Testata: Corriere della Sera
Data: 26 ottobre 2004
Pagina: 1
Autore: Antonio Ferrari
Titolo: «La scelta del coraggio»
In prima pagina sul CORRIERE DELLA SERA di oggi, 27-10-04, Antonio Ferrari commenta l'approvazione da parte del parlamento israeliano del piano di ritiro da Gaza nell'articolo "La scelta del coraggio".
Con questo articolo Ferrari, spesso critico con Israele, dimostra di essere in grado, a differenza di altri giornalisti italiani, di cambiare le sue posizioni almeno di fronte a fatti nuovi ed evidenti come la svolta di ieri.
Ecco l'articolo:

Non ha voluto parlare con nessuno. Quel che aveva da dire, il primo ministro Ariel Sharon l'aveva già detto, nell'accorato discorso di lunedì. Dal prossimo anno, non ci saranno più ebrei nella Striscia di Gaza.

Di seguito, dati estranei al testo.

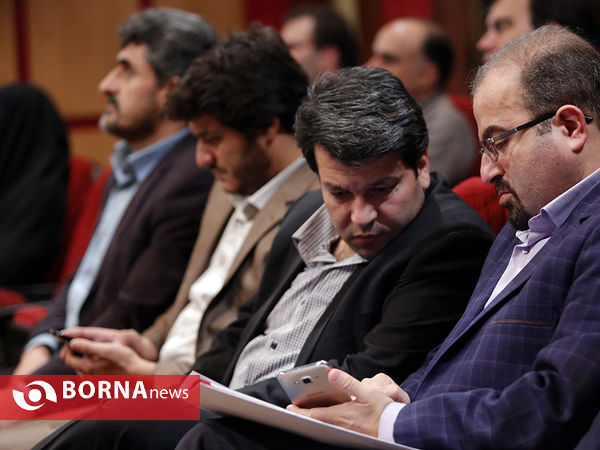 نشست خبری چهاردهمین جشنواره فیلم "مقاومت"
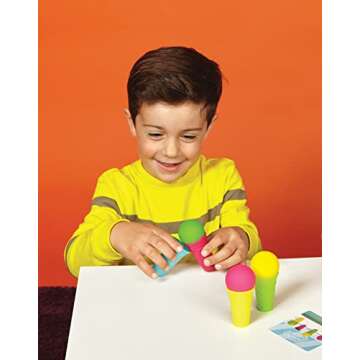 Go Go Gelato - Fun Ice Cream Logic Game for Families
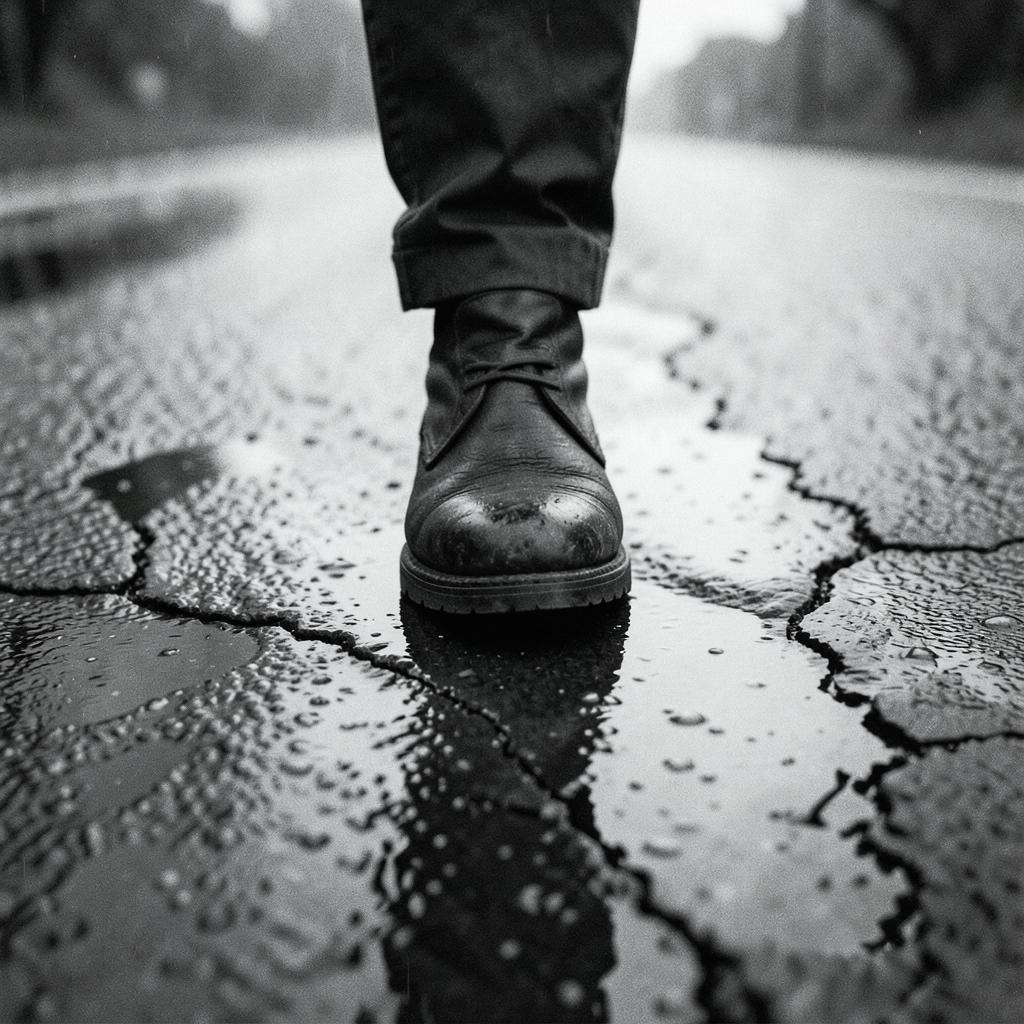 Run Into The Unknown artwork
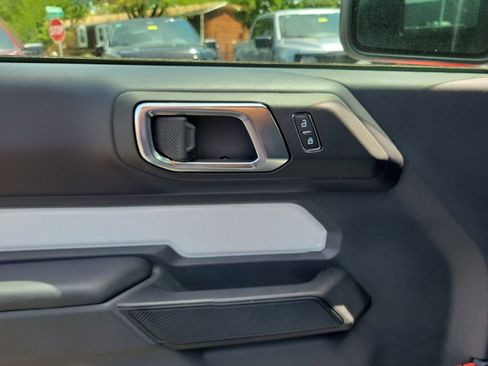 New 2025 Ford Bronco Stroppe Edition AWD/4WD image 15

Da generale, che ha ormai preso la sua decisione, ritenendola la più giusta pur sapendo che sarebbe stata lacerante, Sharon ha atteso imperturbabile che il rito di un voto tra i più importanti dell'intera storia di Israele si consumasse. Soltanto un piccolo tic nervoso, quel tormentare insistentemente la cravatta azzurra, segnalava la tensione dello storico momento, dopo 17 ore di un dibattito parlamentare che uno dei più stretti collaboratori del premier ha definito «un autentico dramma». Un dramma che si è consumato nel Likud, il partito di Sharon, e ha fatto affiorare, assieme all'opposizione al piano di smantellare tutti gli insediamenti della Striscia di Gaza, risentimenti ed egoismi, come quello del ministro Benjamin Netanyahu, che ieri sera ha visto sfumare la possibilità di un rapido ritorno al vertice del potere.
Netanyahu sapeva che avrebbe dovuto votare a favore, seppur contro coscienza, essendo lui il vero referente governativo dei coloni. Anche perché, se avesse votato contro, avrebbe nuociuto all'immagine rassicurante che ha cercato di ricostruire in tutti questi anni. Tanto, pareva convinto che, alla fine, una mossa del leader gli sarebbe stata fatale.
Sharon l'osservava in silenzio, pienamente consapevole che nulla, ma proprio nulla, avrebbe potuto costringerlo a tornare indietro: a costo di frantumare il suo partito, di cambiare alleanze, di subire nuove minacce. La scelta aveva un prezzo altissimo, e il premier ha deciso di pagarlo, recuperando un prestigio che soltanto alcuni anni fa era impensabile. Lui, che fu accusato di favoreggiamento per la strage di Sabra e Chatila; lui, che aveva predicato e sostenuto la politica degli insediamenti, ha deciso che il bene supremo del Paese imponeva una brusca virata. Quando, lunedì, ha accusato numerosi coloni d'essere vittime di un «complesso messianico», non ha fatto altro che citare uno dei grandi leader conservatori del passato, quel Menachem Begin che ebbe il coraggio, assieme all'egiziano Sadat, di firmare la pace di Camp David e di smantellare tutti gli insediamenti nel Sinai.
Sono cambiati i tempi, ma la storia ritorna. E in questo momento Sharon si sente probabilmente come il suo vecchio maestro. Nel momento che richiedeva coraggio, il generale lo ha dimostrato. Il voto di ieri non risolve il problema israelianopalestinese, forse non basterà neppure per riavviarlo in maniera convincente. Ma quanto è accaduto ha rotto uno dei tabù che sembravano impossibili da cancellare.
Ora Netanyahu lancia l'ultimatum: quello di un referendum, altrimenti entro due settimane si ritirerà dal governo. Ma Sharon non ha alcuna intenzione di cedere. Da ieri, la sua popolarità è in decisa ascesa. È uscito dalla Knesset convinto di aver fatto, da soldato, il suo dovere.